**Problem description**
Output the data below line for line, exactly, up to and including the line where "Women Plaid Patchwork" appears.

Data entries:
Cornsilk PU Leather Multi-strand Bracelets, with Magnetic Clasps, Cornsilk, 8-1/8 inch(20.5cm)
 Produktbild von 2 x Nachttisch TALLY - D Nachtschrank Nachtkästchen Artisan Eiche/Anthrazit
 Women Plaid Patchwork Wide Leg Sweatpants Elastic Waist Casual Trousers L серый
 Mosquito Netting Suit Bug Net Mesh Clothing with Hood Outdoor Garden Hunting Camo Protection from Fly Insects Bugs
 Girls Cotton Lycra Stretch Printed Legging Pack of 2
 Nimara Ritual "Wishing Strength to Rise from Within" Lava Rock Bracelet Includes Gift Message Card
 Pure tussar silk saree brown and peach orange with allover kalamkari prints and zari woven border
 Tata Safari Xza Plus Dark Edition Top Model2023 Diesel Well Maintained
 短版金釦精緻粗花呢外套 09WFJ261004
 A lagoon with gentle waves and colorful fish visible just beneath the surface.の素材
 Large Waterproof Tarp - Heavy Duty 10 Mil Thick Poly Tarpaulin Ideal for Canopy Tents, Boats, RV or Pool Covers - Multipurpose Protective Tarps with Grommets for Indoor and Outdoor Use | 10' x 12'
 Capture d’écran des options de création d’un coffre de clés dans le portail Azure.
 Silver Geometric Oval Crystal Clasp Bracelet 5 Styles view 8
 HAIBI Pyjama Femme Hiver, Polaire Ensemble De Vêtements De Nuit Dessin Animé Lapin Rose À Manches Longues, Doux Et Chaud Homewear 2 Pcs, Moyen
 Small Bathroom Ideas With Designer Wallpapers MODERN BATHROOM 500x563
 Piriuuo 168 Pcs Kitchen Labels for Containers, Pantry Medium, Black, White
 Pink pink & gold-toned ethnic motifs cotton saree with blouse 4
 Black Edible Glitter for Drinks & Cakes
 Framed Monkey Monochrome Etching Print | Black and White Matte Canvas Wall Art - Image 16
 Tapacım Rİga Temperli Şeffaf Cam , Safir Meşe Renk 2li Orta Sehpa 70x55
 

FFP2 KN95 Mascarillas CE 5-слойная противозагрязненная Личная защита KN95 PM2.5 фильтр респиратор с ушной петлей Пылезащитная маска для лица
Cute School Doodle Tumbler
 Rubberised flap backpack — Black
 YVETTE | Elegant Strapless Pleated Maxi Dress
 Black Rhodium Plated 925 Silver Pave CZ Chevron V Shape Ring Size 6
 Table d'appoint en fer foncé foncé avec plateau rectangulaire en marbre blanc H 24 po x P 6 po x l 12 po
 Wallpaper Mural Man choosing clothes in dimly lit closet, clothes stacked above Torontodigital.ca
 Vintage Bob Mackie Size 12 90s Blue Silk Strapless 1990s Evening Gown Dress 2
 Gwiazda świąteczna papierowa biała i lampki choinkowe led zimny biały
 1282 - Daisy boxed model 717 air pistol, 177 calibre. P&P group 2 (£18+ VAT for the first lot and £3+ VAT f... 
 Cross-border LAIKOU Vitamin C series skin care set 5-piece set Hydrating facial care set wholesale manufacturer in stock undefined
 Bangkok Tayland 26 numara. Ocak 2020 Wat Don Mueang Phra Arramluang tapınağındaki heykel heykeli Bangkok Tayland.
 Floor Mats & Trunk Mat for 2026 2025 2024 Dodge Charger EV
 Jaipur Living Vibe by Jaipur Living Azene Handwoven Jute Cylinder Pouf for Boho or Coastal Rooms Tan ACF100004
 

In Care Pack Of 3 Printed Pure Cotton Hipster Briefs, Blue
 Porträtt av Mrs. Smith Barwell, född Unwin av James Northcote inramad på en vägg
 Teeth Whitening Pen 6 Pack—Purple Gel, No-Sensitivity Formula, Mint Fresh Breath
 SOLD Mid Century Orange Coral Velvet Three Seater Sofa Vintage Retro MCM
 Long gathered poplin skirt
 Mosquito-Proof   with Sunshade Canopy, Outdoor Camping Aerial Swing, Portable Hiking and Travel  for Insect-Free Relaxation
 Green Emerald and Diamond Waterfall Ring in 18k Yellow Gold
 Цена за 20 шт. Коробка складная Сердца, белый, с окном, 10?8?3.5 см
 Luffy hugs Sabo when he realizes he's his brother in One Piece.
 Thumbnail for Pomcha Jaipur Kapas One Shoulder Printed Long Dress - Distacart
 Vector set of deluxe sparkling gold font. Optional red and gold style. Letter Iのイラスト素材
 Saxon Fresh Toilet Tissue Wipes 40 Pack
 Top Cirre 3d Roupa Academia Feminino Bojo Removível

**Response to this exercise**
Cornsilk PU Leather Multi-strand Bracelets, with Magnetic Clasps, Cornsilk, 8-1/8 inch(20.5cm)
 Produktbild von 2 x Nachttisch TALLY - D Nachtschrank Nachtkästchen Artisan Eiche/Anthrazit
 Women Plaid Patchwork Wide Leg Sweatpants Elastic Waist Casual Trousers L серый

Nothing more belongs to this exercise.